Algunos residentes señalan que todo se ha agravado porque antes contaban con buenos tanques de basura que proveía la empresa Revisalud, y muchos de ellos se han oxidado, se han dañado, por lo que la mayoría de los residentes coloquen sus residuos en los espacios improvisados.
Otra causa que agrava la situación de la acumulación de basura, es la recolección de basura, un servicio básico en cualquier comunidad, se comenta que es deficiente e irregular, por lo que se convierte en un problema de salud pública, afectando directamente la calidad de vida de niños, adultos y ancianos por igual, porque muchos de esos basureros improvisados se encuentran cerca de las casas, atrayendo plagas y generando olores nauseabundos que impregnan el aire, que es insoportable para los moradores.
Bueno, recorrer las calles internas de San Miguelito es toparse, a cada paso, con montañas de basura que desbordan los contenedores y se esparcen por las calles y veredas improvisadas.
El peligro de caminar sin aceras
Otro problema que viven a diario los moradores es la falta de acera o el deplorable estado de las existentes, que obliga a las personas a compartir la vía con los vehículos, incrementando exponencialmente el riesgo de accidentes. En muchos sectores, los bordes de las calles están invadidos por escombros, tierra o simplemente terminan abruptamente, dejando a los transeúntes sin espacio seguro.
Observamos a madres llevando a sus hijos a las escuelas, personas adultas mayores y niños esquivando los carros y motos y los huecos de las calles, exponiendo sus vidas en peligro diariamente.
Calles que son obstáculos y cunetas olvidadas.
Es una lástima que los conductores se vean perjudicados por el mal estado en que se encuentran las calles internas y las vías principales de San Miguelito. Soy una que lloro cuando mi carro cae en los grandes cráteres, y lo peor cuando se llena de agua y se vuelve trampas invisibles para conductores y peatones. Lo peor de todo, es que las piezas de suspensiones son carísimas y el dinero no alcanza para reparar el carro de una vez. Las calles de San Miguelito, están como la Vía Argentina, se inundan cuando caen estos aguaceros, no hay para donde transitar.
Sumémosle, el alarmante estado de las cunetas, la mayoría están invadidas por basura y herbazales, impidiendo el flujo de las aguas puedan drenar bien, que en muchos sectores se sobrepasan las cunetas que llegan a entrar a las casas que se encuentran al lado de las mismas.

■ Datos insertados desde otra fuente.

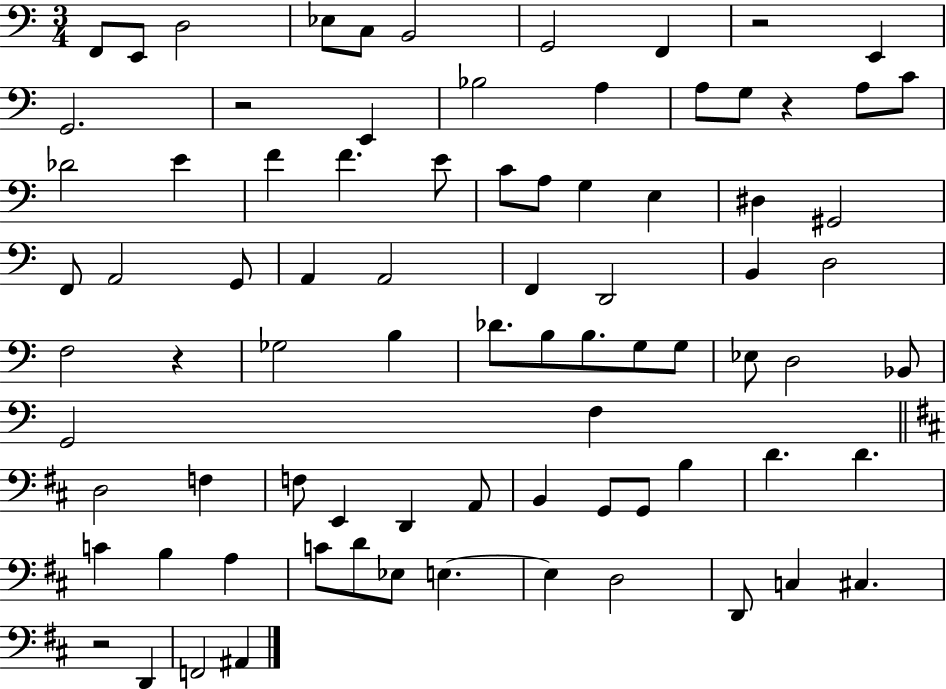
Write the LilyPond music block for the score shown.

{
  \clef bass
  \numericTimeSignature
  \time 3/4
  \key c \major
  f,8 e,8 d2 | ees8 c8 b,2 | g,2 f,4 | r2 e,4 | \break g,2. | r2 e,4 | bes2 a4 | a8 g8 r4 a8 c'8 | \break des'2 e'4 | f'4 f'4. e'8 | c'8 a8 g4 e4 | dis4 gis,2 | \break f,8 a,2 g,8 | a,4 a,2 | f,4 d,2 | b,4 d2 | \break f2 r4 | ges2 b4 | des'8. b8 b8. g8 g8 | ees8 d2 bes,8 | \break g,2 f4 | \bar "||" \break \key d \major d2 f4 | f8 e,4 d,4 a,8 | b,4 g,8 g,8 b4 | d'4. d'4. | \break c'4 b4 a4 | c'8 d'8 ees8 e4.~~ | e4 d2 | d,8 c4 cis4. | \break r2 d,4 | f,2 ais,4 | \bar "|."
} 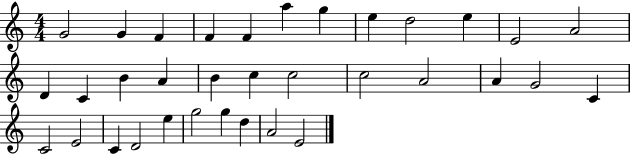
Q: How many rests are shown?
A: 0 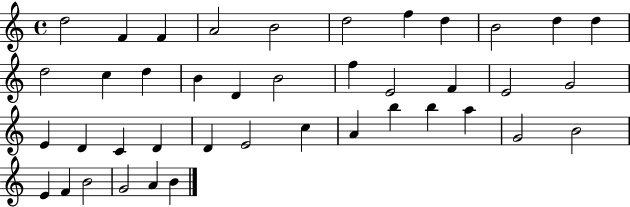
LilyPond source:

{
  \clef treble
  \time 4/4
  \defaultTimeSignature
  \key c \major
  d''2 f'4 f'4 | a'2 b'2 | d''2 f''4 d''4 | b'2 d''4 d''4 | \break d''2 c''4 d''4 | b'4 d'4 b'2 | f''4 e'2 f'4 | e'2 g'2 | \break e'4 d'4 c'4 d'4 | d'4 e'2 c''4 | a'4 b''4 b''4 a''4 | g'2 b'2 | \break e'4 f'4 b'2 | g'2 a'4 b'4 | \bar "|."
}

Un llamado urgente a las autoridades.
Es imperativo que se implementen planes efectivos de recolección de basura, mantenimiento de infraestructuras y construcción de aceras, para que San Miguelito deje de ser sinónimo de abandono y sus habitantes puedan vivir en un entorno digno y seguro. El problema no es solo estética, es de salud pública, seguridad vial y calidad de vida. San Miguelito, un distrito especial como lo llamó el General Omar Torrijos Herrera, con una población significativa que clama por una pronta intervención de las autoridades locales y nacionales. No queremos promesas, queremos soluciones.